Redlining and reverse redlining are practices that are prohibited by the ECOA. These include providing different credit terms (or restricting lending products) to certain areas based on racial criteria. Red lining is when a mortgage lender marks off certain neighborhoods or communities for restricted lending or higher cost loans on the basis of sex or other discriminatory standards. In effect, the bank puts a "red line" around such communities and potential loan applicants from these areas are denied credit.

Reverse redlining works in a similar manner. A mortgage company or bank would establish lending practices that encouraged many more types of loans to flow into a certain area or demographic. ...
... This may be part of a classic pump and dump scam, where lenders attempt to inflate the value of properties and provide funds to borrowers who can not pay the loans back. The lender then forecloses and is able to take the properties. Both redlining and reverse redlining are financially injurious to both borrowers and lenders, which is why the practice is somewhat uncommon.

Borrowers may have a very difficult time showing they have been the subject of discrimination in a foreclosure case. If they suspect this, however, it may be worth their while to speak with an attorney who specializes in such laws. This is because liability under the ECOA may result in lenders being responsible for actual damages suffered by borrowers, punitive damages up to $10,000, and court costs. Some attorneys may work on contingency if a special case of discrimination can be shown. It may be best at least to consult with an attorney before raising this defense in an answer to a foreclosure complaint.

The statute of limitations for violations of the Equal Credit Opportunity Act is two years.

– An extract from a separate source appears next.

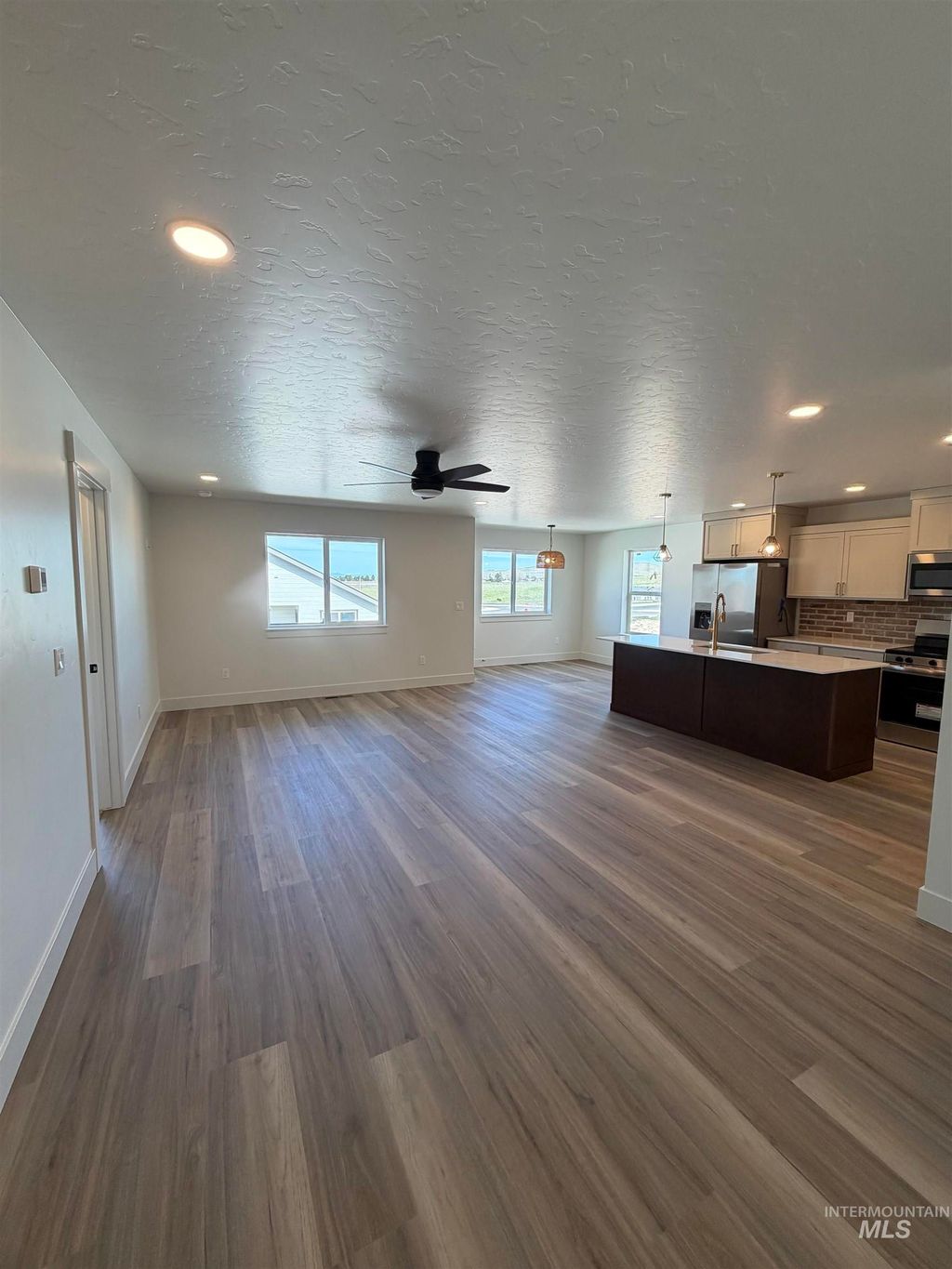 Photo of 2805 Cypress Pointe Ave, Payette, ID 83661 (MLS # 98982347)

If borrowers took out their mortgage more than two years ago, this law may not apply to them. Again, the best option in the case of suspected discriminatory lending would be for homeowners to consult with an attorney who specializes in this area of lending law.

The Home Mortgage Disclosure Act (HMDA) requires financial institutions to publicly release information related to ECOA lending. These reports are provided to the public online and provide information on the percentage of loans extended to minorities by different lenders in various areas across the nation. The general public is able to look up zip codes, how many applications each bank took in the area, the demographics of various groups, and the interest rate offered to each group. This can be a starting point for borrowers researching potential discriminatory or predatory lending practices.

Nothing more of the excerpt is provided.